Task objective:
The reply should hold only the lines from the one with "AMI stands for" to the one with "Okay, I think", both ends kept, exactly as they appear below, without any pictures.

Material shown:
++++++

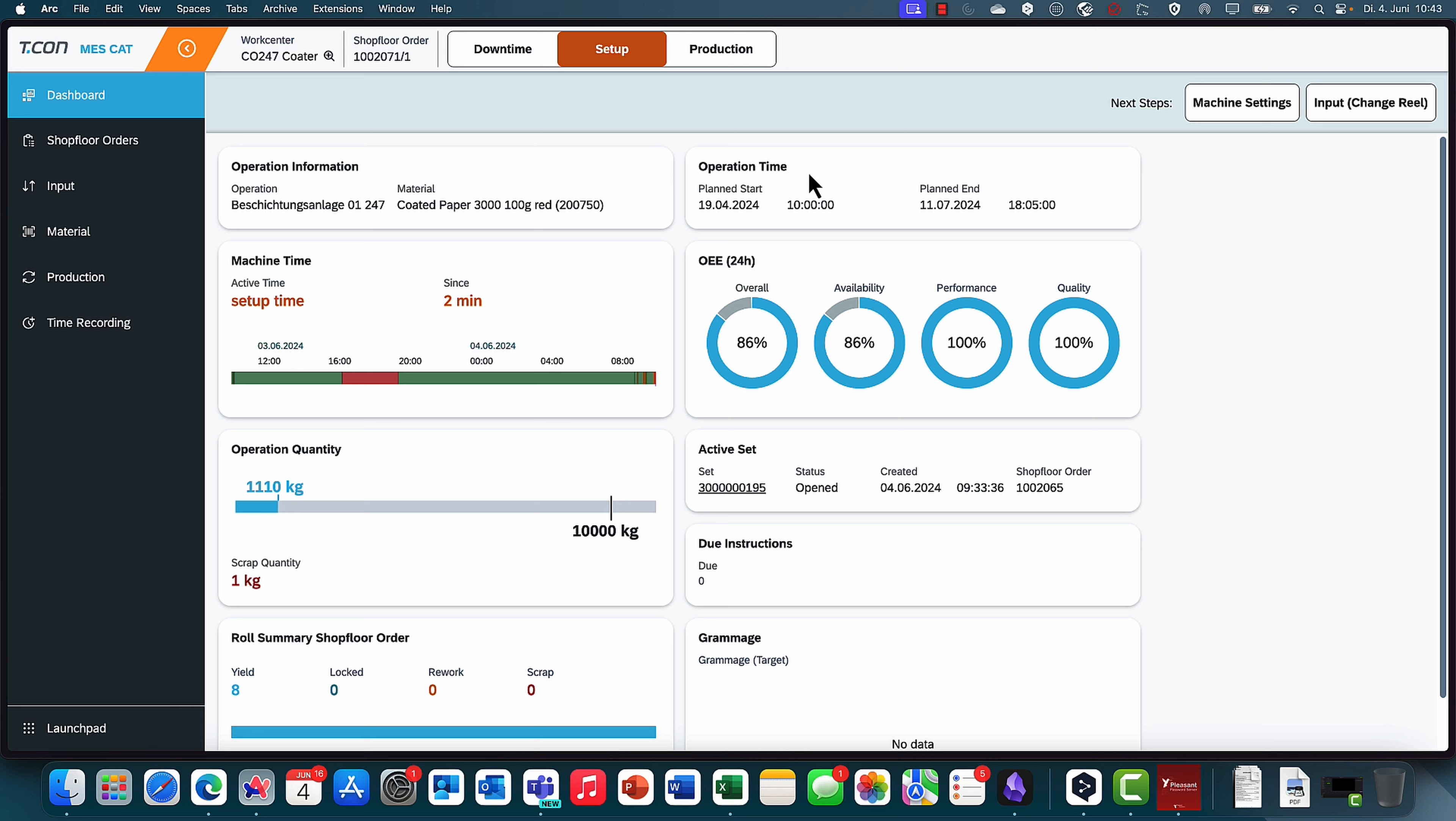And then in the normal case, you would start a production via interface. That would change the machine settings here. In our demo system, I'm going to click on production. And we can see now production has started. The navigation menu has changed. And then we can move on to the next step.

++++++

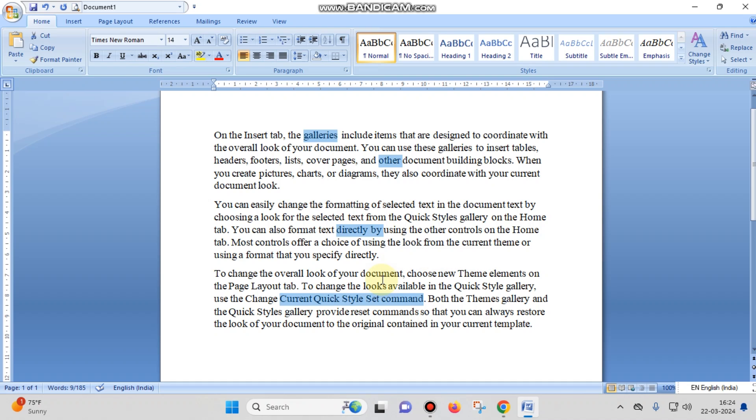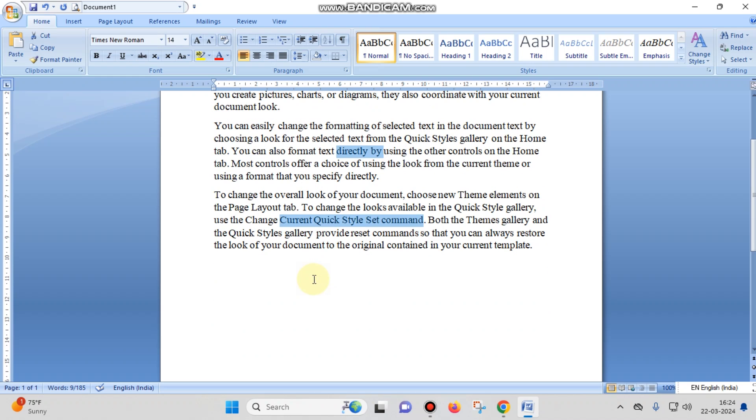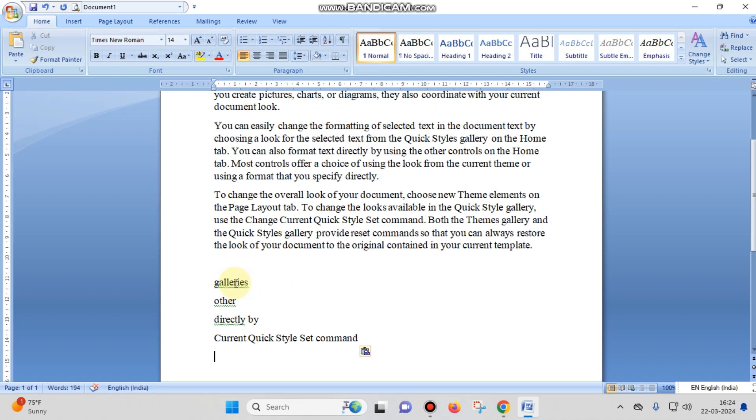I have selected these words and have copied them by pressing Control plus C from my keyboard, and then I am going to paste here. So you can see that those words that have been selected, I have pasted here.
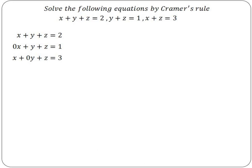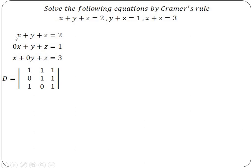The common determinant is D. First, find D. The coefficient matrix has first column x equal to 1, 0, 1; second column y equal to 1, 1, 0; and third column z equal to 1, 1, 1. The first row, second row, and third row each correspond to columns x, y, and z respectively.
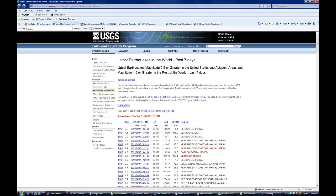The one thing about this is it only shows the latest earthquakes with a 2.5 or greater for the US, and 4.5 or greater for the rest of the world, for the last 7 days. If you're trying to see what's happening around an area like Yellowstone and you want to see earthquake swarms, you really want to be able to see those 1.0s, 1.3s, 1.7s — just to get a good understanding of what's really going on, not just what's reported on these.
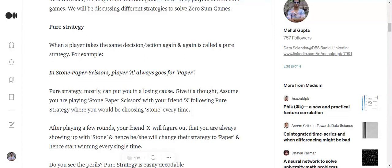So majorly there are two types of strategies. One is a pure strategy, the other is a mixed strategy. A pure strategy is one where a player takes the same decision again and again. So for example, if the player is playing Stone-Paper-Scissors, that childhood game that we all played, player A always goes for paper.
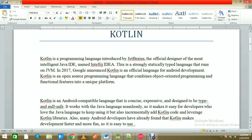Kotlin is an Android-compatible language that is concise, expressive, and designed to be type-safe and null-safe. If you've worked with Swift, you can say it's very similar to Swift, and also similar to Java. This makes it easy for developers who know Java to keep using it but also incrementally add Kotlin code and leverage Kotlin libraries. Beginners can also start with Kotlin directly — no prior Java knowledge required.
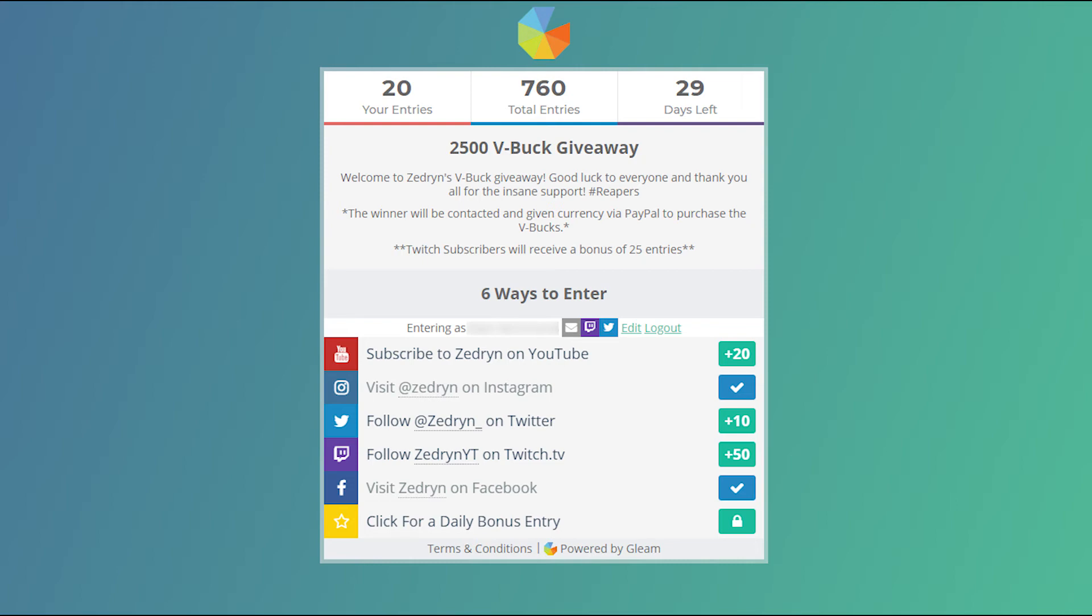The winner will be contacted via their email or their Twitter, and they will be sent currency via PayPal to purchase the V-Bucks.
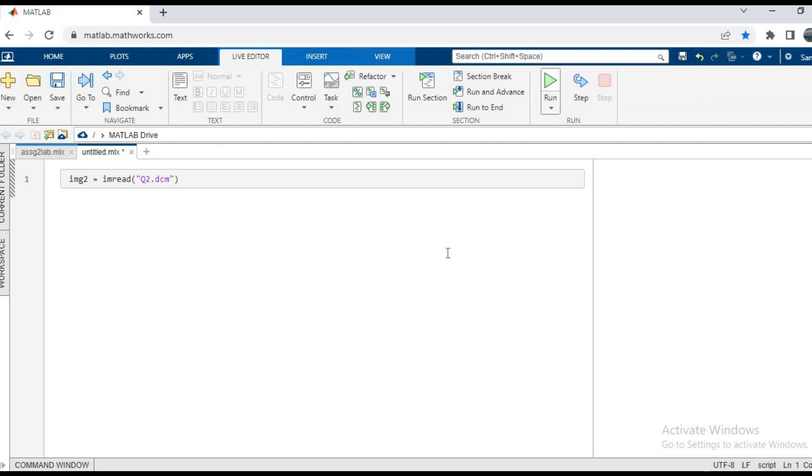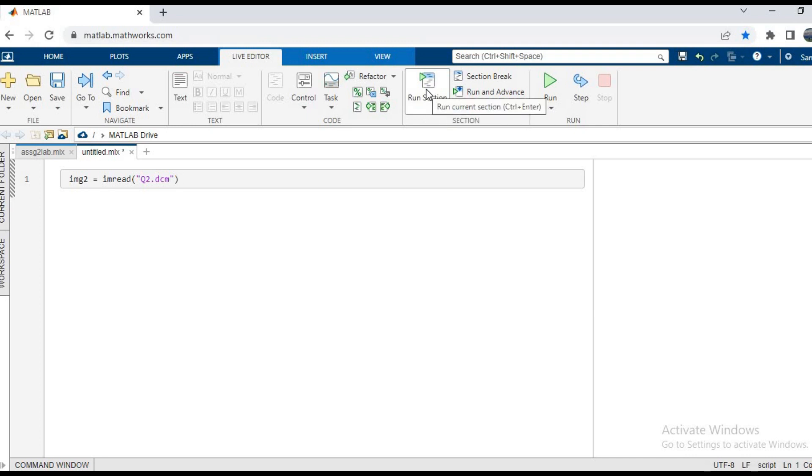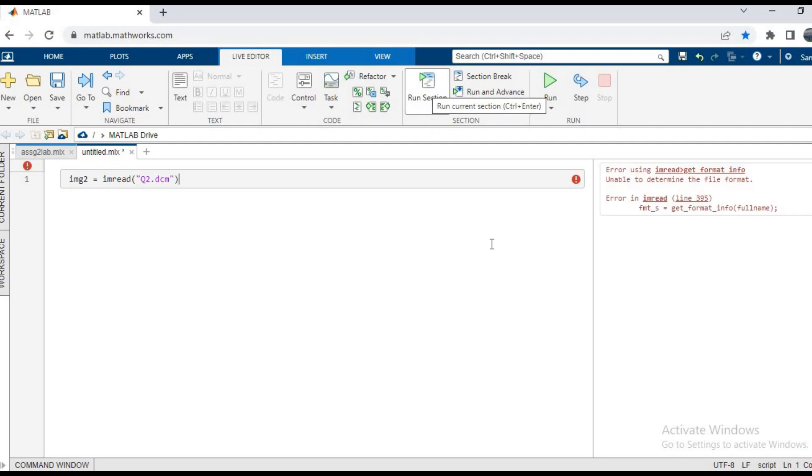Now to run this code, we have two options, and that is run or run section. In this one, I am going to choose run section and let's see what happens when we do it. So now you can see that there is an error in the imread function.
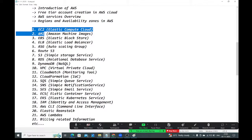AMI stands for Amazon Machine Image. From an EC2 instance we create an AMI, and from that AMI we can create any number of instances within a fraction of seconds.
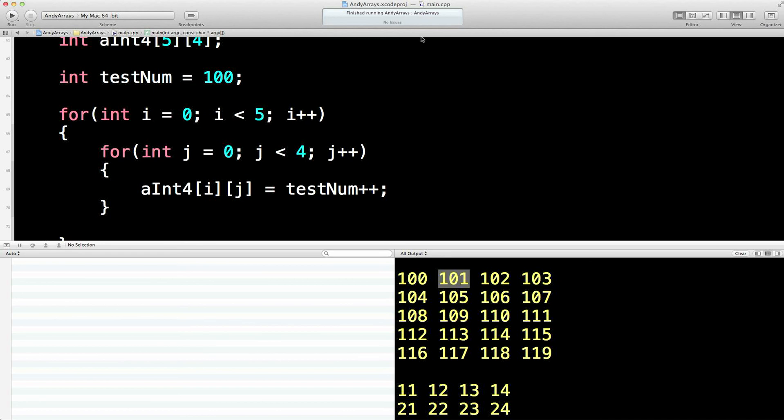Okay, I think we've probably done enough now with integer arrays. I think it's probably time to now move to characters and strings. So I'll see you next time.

++++++

Response:
AMI stands for Amazon Machine Image. From an EC2 instance we create an AMI, and from that AMI we can create any number of instances within a fraction of seconds.
Okay, I think we've probably done enough now with integer arrays. I think it's probably time to now move to characters and strings. So I'll see you next time.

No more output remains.